There was nonetheless a historical irony in watching Ukrainians tearing down Lenin’s statues as a sign of their will to break with Soviet domination and assert their national sovereignty. The golden era of Ukrainian national identity was not tsarist Russia – where Ukrainian national self-assertion was thwarted – but the first decade of the Soviet Union, when Soviet policy in a Ukraine exhausted by war and famine was ‘indigenisation’. Ukrainian culture and language were revived, and rights to healthcare, education and social security introduced. Indigenisation followed the principles formulated by Lenin in quite unambiguous terms:

The proletariat cannot but fight against the forcible retention of the oppressed nations within the boundaries of a given state, and this is exactly what the struggle for the right of self-determination means. The proletariat must demand the right of political secession for the colonies and for the nations that ‘its own’ nation oppresses. Unless it does this, proletarian internationalism will remain a meaningless phrase; mutual confidence and class solidarity between the workers of the oppressing and oppressed nations will be impossible.
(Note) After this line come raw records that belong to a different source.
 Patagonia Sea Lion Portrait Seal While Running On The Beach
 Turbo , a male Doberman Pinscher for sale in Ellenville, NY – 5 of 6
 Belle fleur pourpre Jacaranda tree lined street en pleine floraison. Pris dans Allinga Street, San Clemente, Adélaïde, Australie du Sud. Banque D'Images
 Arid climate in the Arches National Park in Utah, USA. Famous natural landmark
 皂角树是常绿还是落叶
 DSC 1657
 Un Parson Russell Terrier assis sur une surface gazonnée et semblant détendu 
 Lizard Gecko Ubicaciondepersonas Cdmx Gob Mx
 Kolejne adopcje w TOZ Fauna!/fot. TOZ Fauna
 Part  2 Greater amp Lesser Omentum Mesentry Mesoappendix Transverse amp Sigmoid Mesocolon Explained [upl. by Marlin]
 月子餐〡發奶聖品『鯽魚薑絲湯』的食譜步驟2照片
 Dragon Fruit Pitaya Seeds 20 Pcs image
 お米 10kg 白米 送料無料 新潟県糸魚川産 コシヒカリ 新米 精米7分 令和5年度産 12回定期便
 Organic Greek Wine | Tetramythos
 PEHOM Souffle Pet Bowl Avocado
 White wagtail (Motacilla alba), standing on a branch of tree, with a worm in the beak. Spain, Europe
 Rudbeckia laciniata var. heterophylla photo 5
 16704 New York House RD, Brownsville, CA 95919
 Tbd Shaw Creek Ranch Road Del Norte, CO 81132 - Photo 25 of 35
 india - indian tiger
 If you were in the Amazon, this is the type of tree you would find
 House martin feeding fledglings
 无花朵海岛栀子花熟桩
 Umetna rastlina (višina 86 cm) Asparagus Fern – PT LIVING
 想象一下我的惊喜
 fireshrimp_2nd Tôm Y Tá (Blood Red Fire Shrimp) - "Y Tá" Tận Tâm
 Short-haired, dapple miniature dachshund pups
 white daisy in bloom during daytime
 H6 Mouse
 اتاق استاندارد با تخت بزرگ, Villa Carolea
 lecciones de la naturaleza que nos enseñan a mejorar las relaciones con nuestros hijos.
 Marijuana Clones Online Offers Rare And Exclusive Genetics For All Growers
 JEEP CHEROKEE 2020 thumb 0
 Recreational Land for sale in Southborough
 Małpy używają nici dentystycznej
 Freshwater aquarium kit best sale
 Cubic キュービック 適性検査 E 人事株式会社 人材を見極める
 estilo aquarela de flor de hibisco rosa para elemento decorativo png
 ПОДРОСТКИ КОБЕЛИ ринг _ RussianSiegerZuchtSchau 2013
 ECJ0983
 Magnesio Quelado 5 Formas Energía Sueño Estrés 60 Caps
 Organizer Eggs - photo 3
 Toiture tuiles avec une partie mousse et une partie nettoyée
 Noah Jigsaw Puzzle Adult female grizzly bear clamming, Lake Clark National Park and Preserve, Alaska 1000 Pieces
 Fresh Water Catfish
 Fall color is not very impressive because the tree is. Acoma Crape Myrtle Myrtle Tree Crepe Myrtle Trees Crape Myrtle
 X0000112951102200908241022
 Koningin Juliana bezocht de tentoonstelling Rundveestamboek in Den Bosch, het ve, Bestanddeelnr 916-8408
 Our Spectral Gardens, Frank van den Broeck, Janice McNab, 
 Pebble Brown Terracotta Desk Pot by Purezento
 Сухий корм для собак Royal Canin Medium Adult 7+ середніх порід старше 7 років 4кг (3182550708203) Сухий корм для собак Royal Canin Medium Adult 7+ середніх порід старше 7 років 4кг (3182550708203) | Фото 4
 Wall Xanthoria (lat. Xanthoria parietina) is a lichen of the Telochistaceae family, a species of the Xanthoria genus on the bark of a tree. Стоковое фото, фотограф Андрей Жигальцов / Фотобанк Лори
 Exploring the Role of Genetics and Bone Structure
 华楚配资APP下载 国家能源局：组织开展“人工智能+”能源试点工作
Lenin remained faithful to this position to the end: immediately after the October Revolution, when Rosa Luxembourg argued that small nations should be given full sovereignty only if progressive forces would predominate in the new state, Lenin was in favour of an unconditional right to secede.

In his last struggle against Stalin’s project for a centralised Soviet Union, Lenin again advocated the unconditional right of small nations to secede (in this case, Georgia was at stake), insisting on the full sovereignty of the national entities that composed the Soviet state – no wonder that, on 27 September 1922, in a letter to the Politburo, Stalin accused Lenin of ‘national liberalism’. The direction in which Stalin was already heading is clear from his proposal that the government of Soviet Russia should also be the government of the other five republics (Ukraine, Belarus, Azerbaijan, Armenia and Georgia):

If the present decision is confirmed by the Central Committee of the RCP, it will not be made public, but communicated to the Central Committees of the Republics for circulation among the Soviet organs, the Central Executive Committees or the Congresses of the Soviets of the said Republics before the convocation of the All-Russian Congress of the Soviets, where it will be declared to be the wish of these Republics.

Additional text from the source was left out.